Die Streitthemen konnten auch am Dienstagabend nicht geklärt werden. Bei den Sondierungsgesprächen in Berlin gab es kaum Fortschritte. Die Zeit wird knapp.

Berlin - Kurz vor dem geplanten Abschluss der Jamaika-Sondierungen kommen die Unterhändler von CDU, CSU, FDP und Grünen bei zentralen Streitthemen nach wie vor kaum voran. Bei den Gesprächen am Dienstag gelang es nicht, sich in der Verkehrspolitik wesentlich anzunähern. Auch in der Flüchtlingspolitik zeichnete sich keine Einigung ab. 

Die Parteien stehen unter enormem Druck, weil die Sondierungen eigentlich bis zum Freitagmorgen abgeschlossen sein sollen.

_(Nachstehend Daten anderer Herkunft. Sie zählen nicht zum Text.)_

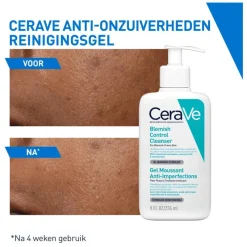 New CeraVe Anti-Onzuiverheden Reinigingsgel 473 ML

Bei den ganztägigen Verhandlungen am Dienstag wurden mehrere Themen auf Ebene der Parteichefs und Verhandlungsführer beraten, um Kompromisslinien auszuloten. Auch am Mittwoch soll auf diese Art und Weise weiter verhandelt werden. Ziel der Parteien ist es weiterhin, am Donnerstag - voraussichtlich in einer langen Nachtsitzung bis zum frühen Freitagmorgen - die Sondierungen abzuschließen. 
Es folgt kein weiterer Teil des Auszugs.